保健室に来た生徒の対応をはじめ、報告文書の作成や学校行事の実施など、養護教諭の仕事は幅広く多忙です。そんな中でも生徒が気軽に話しかけられるように、話し方や歩く速度をゆっくりするように心掛け、“忙しく見えない様”に工夫しています。また、生徒とすれ違う時に挨拶を欠かさないのも、細かな表情の変化を見逃さないため。少しでも気になる点があればすぐ、担任の先生と情報共有を重ねる毎日です。心の調子がすぐれなかった生徒が少しでも笑顔を見せてくれたり、「先生に話せて良かった」という言葉をかけてくれることが、私にとって一番の喜び。やりがいのある大切な仕事だから、学び続ける毎日がとても充実しています。

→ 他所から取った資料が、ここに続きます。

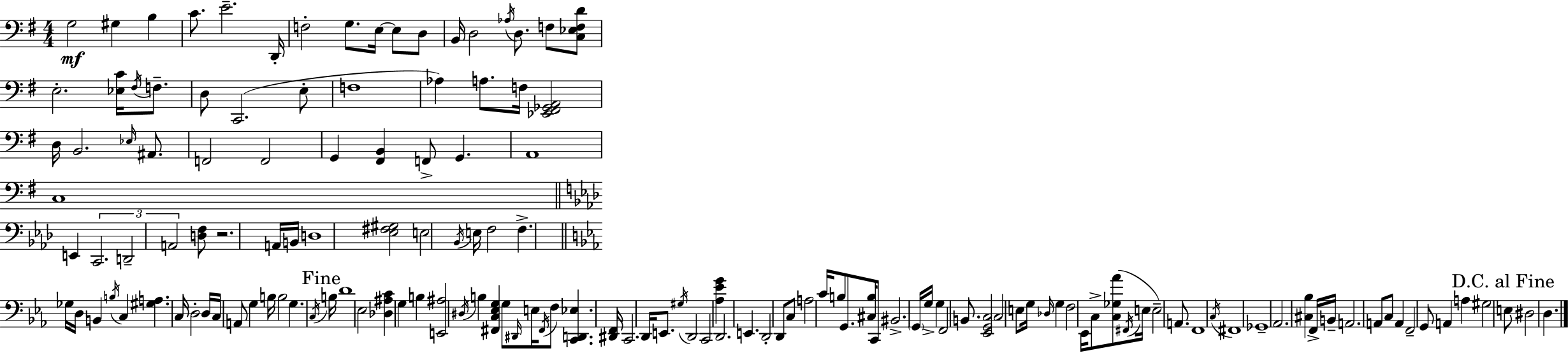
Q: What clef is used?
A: bass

実は私自身、小学生の時に学校に行きたくない時期がありました。そんな時、いつも優しく話を聞いてくださった保健室の先生に親しみを抱き、漠然とその仕事への憧れがふくらみ始めました。地元の鹿児島を離れ、びわ学を選んだ理由は、養護教諭以外にも幼稚園教諭と保育士の免許・資格がめざせる学びの幅広さ。3つの免許・資格取得に挑む4年間は本当にハードでしたが、友達との支え合いや、先輩・先生の励ましのおかげで、乗り越えることができました。また、子どもと同じ目線で話す大切さを知った保育実習、相手の想いを汲み取る姿勢が身についたオープンキャンパススタッフの活動など、すべての体験が今に続く成長を与えてくれました。

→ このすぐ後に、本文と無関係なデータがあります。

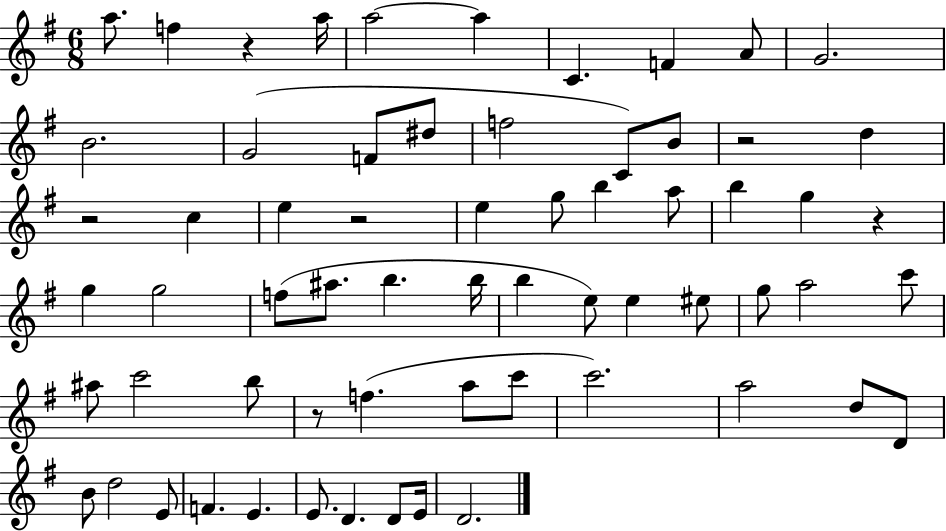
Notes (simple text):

A5/e. F5/q R/q A5/s A5/h A5/q C4/q. F4/q A4/e G4/h. B4/h. G4/h F4/e D#5/e F5/h C4/e B4/e R/h D5/q R/h C5/q E5/q R/h E5/q G5/e B5/q A5/e B5/q G5/q R/q G5/q G5/h F5/e A#5/e. B5/q. B5/s B5/q E5/e E5/q EIS5/e G5/e A5/h C6/e A#5/e C6/h B5/e R/e F5/q. A5/e C6/e C6/h. A5/h D5/e D4/e B4/e D5/h E4/e F4/q. E4/q. E4/e. D4/q. D4/e E4/s D4/h.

心に悩みや迷いのある生徒は、時に「頑張れ」の言葉がプレッシャーになります。一人ひとり、抱える問題は違うため、向き合い方にも柔軟な姿勢が求められます。大切なのは相手が想いを表に出せなくても、自分の言葉や考えを押し付けず、生徒が自ら「頑張ろう」と動き出せる関わりを築くこと。養護教諭とは背中を“押す”仕事ではなく、そっと“支える”仕事なんだと私は思います。今、私が目標にしているのは、お母さんのように、またお姉さんのように、生徒が何でも話せる身近で頼れる先生。その意味でも、学生と先生の距離が近いびわ学で学んだ経験は本当に大きいと思います。教育分野をめざす人たちに、ぜひオススメしたい大学ですね。

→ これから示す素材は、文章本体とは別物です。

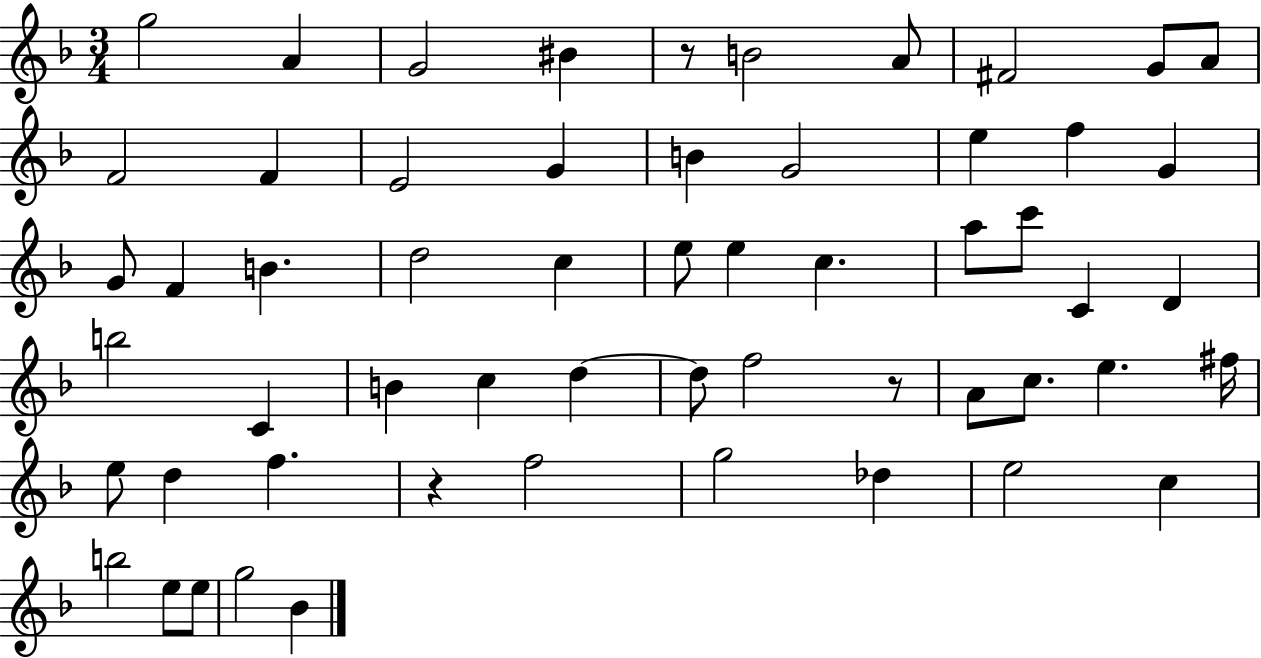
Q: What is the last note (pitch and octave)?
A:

鹿児島県 公立学校 勤務/教育福祉学部 子ども学科 卒/2018年卒/大学卒業後、先生の紹介を通じて滋賀県大津市の臨時講師に着任。養護教諭のキャリアを積みながら、地元・鹿児島県の養護教員採用試験に挑んだ田中さん。見事に合格を果たし、2019年4月からは正規教員として新たなキャリアをスタートさせた。「先生同士が連携しあう大切さをはじめ、学べたことは本当にたくさん。大津市で得た数々の経験を地元でも発揮したい」。5年間、慣れ親しんだ滋賀県を離れたが、びわ学で出会った仲間との絆は一生大切にしていきたいと言う。